Recension rédigée par Jacques Frémeaux


Sous ce titre déjà explicite, l’auteur a voulu décrire la manière dont le régime représenté, encore plus que dirigé, depuis 1999, par le président Abdelaziz Bouteflika a pu se construire et se prolonger au long de ses trois premiers mandats successifs. Derrière l’apparence d’un pouvoir présidentiel de plus en plus fantomatique, il montre la réalité d’un « cartel » qui regroupe membres du personnel politique, généraux, technocrates de la haute fonction publique, hommes d’affaires, selon une composition qui est loin d’être figée. Ce « cartel » est parvenu au pouvoir à l’issue de la guerre civile des années 1991-1999, elle-même résultat d’une crise économique et politique latente depuis la fin des années 1970. Il s’est imposé à travers le contrôle des agents du pouvoir (administration, police, armée), et la gestion des finances publiques (en premier lieu la rente pétrolière, qui permet d’apaiser les éventuelles colères par des allocations bien ciblées, comme la subvention des denrées de première nécessité). Ainsi « l’ordre se caractérise par la capacité de ses tenants à gérer la population dans le cadre d’une économie politique de la privation et de la redistribution » (p. 328).

Cet ordre s’exerce au nom d’une démocratie à géométrie variable, qui sait se montrer, selon les besoins, débonnaire ou autoritaire, en jouant sur les limites très imprécises du champ des libertés publiques et individuelles. Le système profite aussi de la peur qu’inspire l’évocation de la « décennie noire », dont il se vante d’avoir fait sortir l’Algérie et dont il se prétend seul capable d’empêcher le retour. Face à lui, les oppositions sont fragmentées, peu en état de proposer un projet politique et économique alternatif valable, et surtout de présenter un modèle autre que celui d’un groupe de dirigeants guidant un peuple jugé immature (« peuple-enfant ») selon les mêmes principes de gouvernance prétendument éclairée.
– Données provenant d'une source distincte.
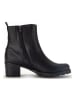 Gabor Leder-Stiefeletten in Schwarz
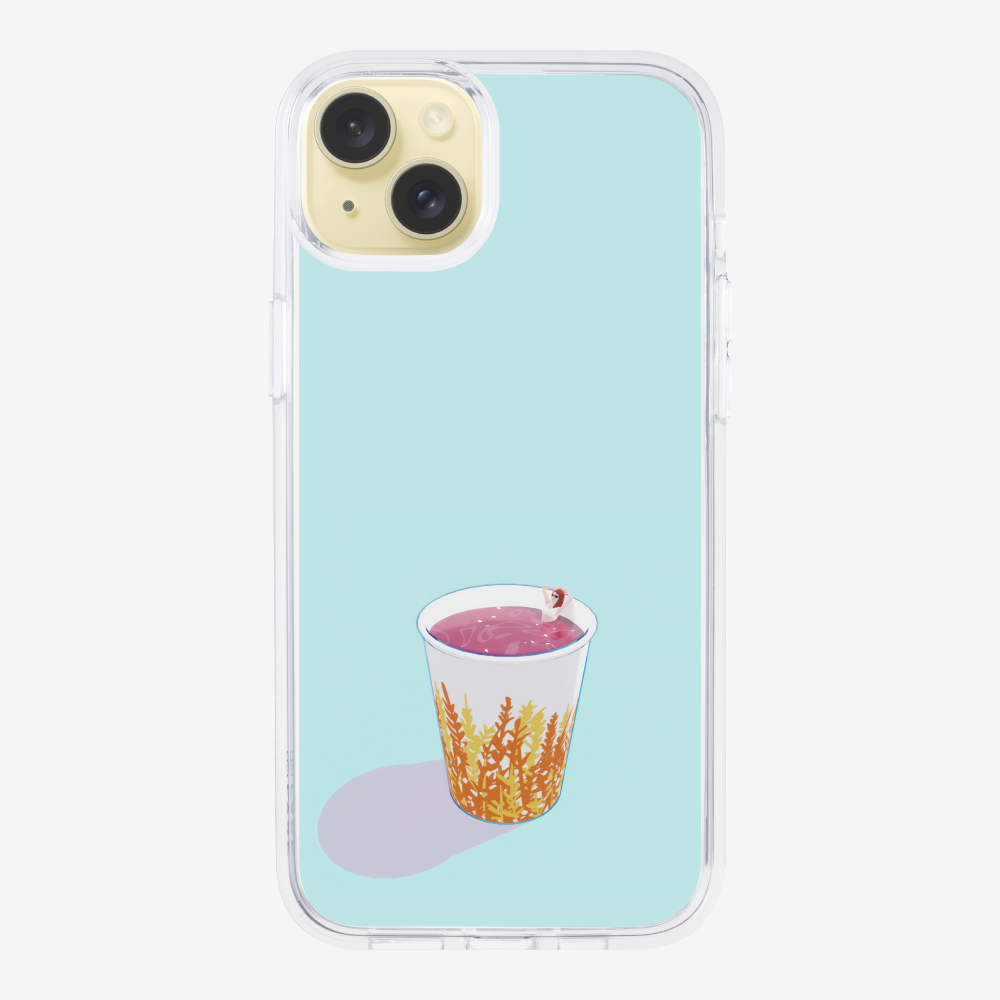 Lemon Tea Phone Case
De son côté, la masse de la population n’a guère de confiance dans ces dirigeants accusés d’avoir trahi les idéaux de la Révolution, et de faire bon marché de la Nation et de la Démocratie. Cette suspicion, illustrée par d’innombrables rumeurs dénonçant l’action de l’étranger, notamment celle de la France « colonialiste », contribue un peu plus à figer les évolutions, en opposant les masses aux élites dans une méfiance réciproque.

On regrette évidemment que Thierry Serres n’ait pas ajouté à son livre un chapitre qui mènerait son lecteur jusqu’au départ du président, et aux incertitudes actuelles. Il n’empêche que cet ouvrage apporte en soi une très importante contribution à qui souhaite comprendre les évolutions (ou les blocages) qui touchent l’Algérie d’aujourd’hui. Il est en effet riche en réflexions théoriques, étayées par une importante bibliographie, mais aussi en témoignages, voire en anecdotes, recueillis sur le terrain. On dira pour finir que le lecteur ne peut s’empêcher, en lisant ces pages consacrées à l’Algérie, d’établir quelques comparaisons avec la manière dont la classe dirigeante française tente aujourd’hui de gérer les conséquences des profondes transformations révélées à partir de la crise de 2008, accentuée par la montée du terrorisme. On réfléchira notamment à la phrase (à lire naturellement cum grano salis) : « la crise qui s’éternise est devenue un moyen de gérer le pays en imposant un ordre sécuritaire et une économie basée sur le manque » (p. 276).